Suele pasar que cuando estamos a dieta se despierta un incontrolable ataque de hambre y corremos a la heladera y después nos arrepentimos por no haber podido controlarnos.
Estas actitudes están relacionadas con factores emocionales, como la ansiedad y la angustia, que piden una satisfacción instantánea a las que están siguiendo un régimen para adelgazar.

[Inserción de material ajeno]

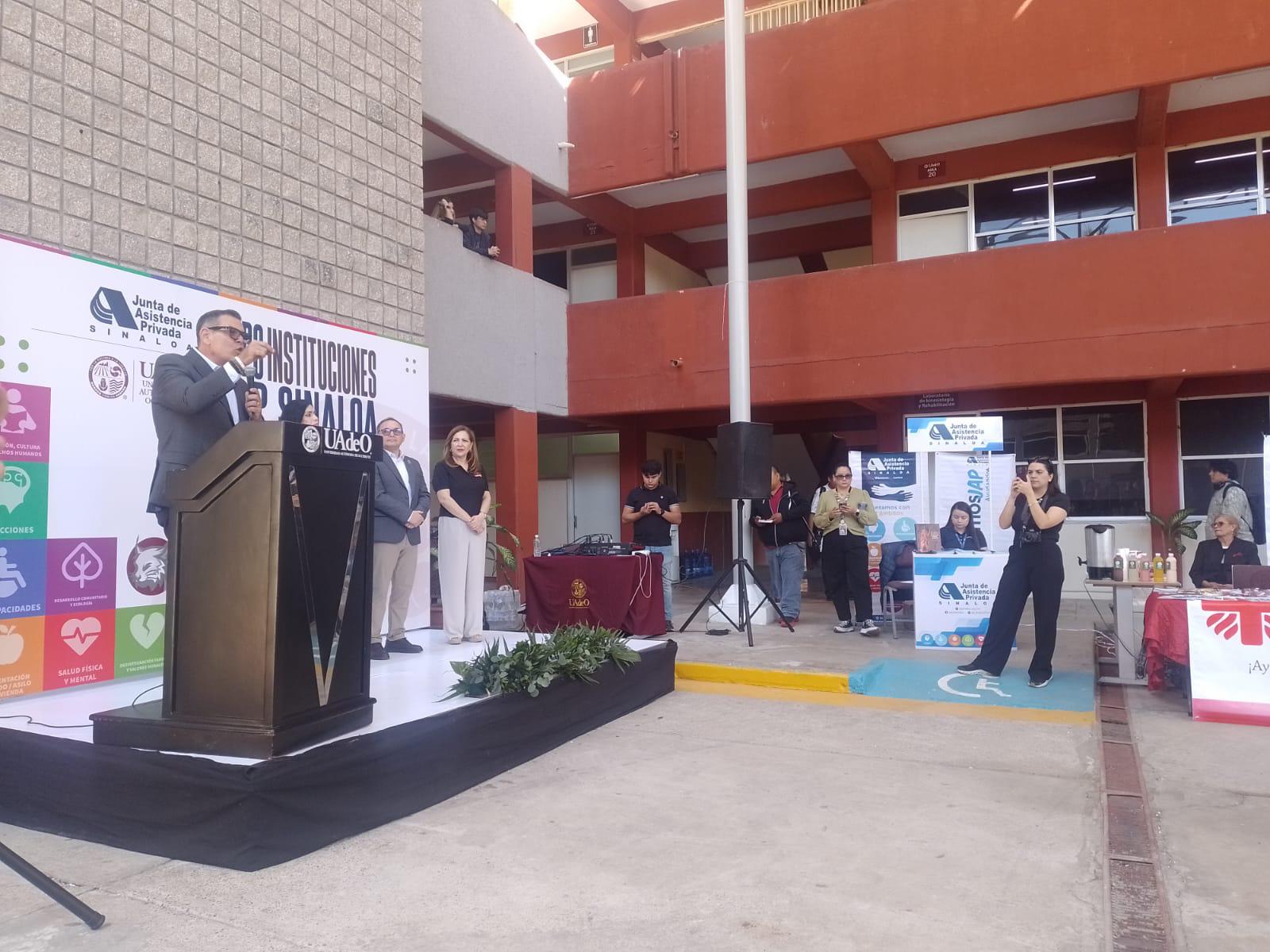 $!Rector de la UAdeO llama a estudiantes que aprovechen su energía y creatividad para sumarse a labores altruistas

Por eso los alimentos más buscados son aquellos ricos en grasas y azúcares que actúan a nivel cerebral originando un efecto tranquilizador y una sensación de bienestar rápidos.
Como primer paso para poder controlar la ansiedad debemos averiguar que esconden en realidad los famosos ataques, y como podemos desviar la situación para nuestro beneficio.
Antes de comer algo que engorda anote la situación en que se encuentra y su estado de ánimo. Si por ejemplo antes de reunirse con su jefe o cuando está por vivir una situación difícil está a punto de sucumbir a la tentación busque alguna ocupación pequeña como lavarse los dientes, retocarse el maquillaje o, mejor aún, invitar a una amiga a tomar un café.
También es conveniente realizar alguna actividad física varias veces a la semana. Esto la ayudará a controlar y disminuir la ansiedad canalizándola mediante el desgaste físico.
De vez en cuando dése un permiso y coma su plato preferido, sin abusar en la cantidad. Recuerde que la presión y la sobre-exigencia pueden atentar contra la voluntad más fuerte. Reconocer los factores emocionales y poder encontrar un verdadero equilibrio, seguro la ayudaran a obtener el éxito deseado con cualquier dieta que haga.